**THE TASK**
All the entries that follow are to be returned exactly.

====

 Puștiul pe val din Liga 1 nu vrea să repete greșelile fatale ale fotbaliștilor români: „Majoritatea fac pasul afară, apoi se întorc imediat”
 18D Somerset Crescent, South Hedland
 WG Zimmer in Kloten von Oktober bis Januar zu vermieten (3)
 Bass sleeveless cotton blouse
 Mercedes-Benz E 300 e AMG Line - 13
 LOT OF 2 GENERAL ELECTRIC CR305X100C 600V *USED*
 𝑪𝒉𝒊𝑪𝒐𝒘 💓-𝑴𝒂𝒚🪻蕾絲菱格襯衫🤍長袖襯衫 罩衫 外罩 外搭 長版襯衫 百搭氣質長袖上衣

====

**WORKED SOLUTION**
 Puștiul pe val din Liga 1 nu vrea să repete greșelile fatale ale fotbaliștilor români: „Majoritatea fac pasul afară, apoi se întorc imediat”
 18D Somerset Crescent, South Hedland
 WG Zimmer in Kloten von Oktober bis Januar zu vermieten (3)
 Bass sleeveless cotton blouse
 Mercedes-Benz E 300 e AMG Line - 13
 LOT OF 2 GENERAL ELECTRIC CR305X100C 600V *USED*
 𝑪𝒉𝒊𝑪𝒐𝒘 💓-𝑴𝒂𝒚🪻蕾絲菱格襯衫🤍長袖襯衫 罩衫 外罩 外搭 長版襯衫 百搭氣質長袖上衣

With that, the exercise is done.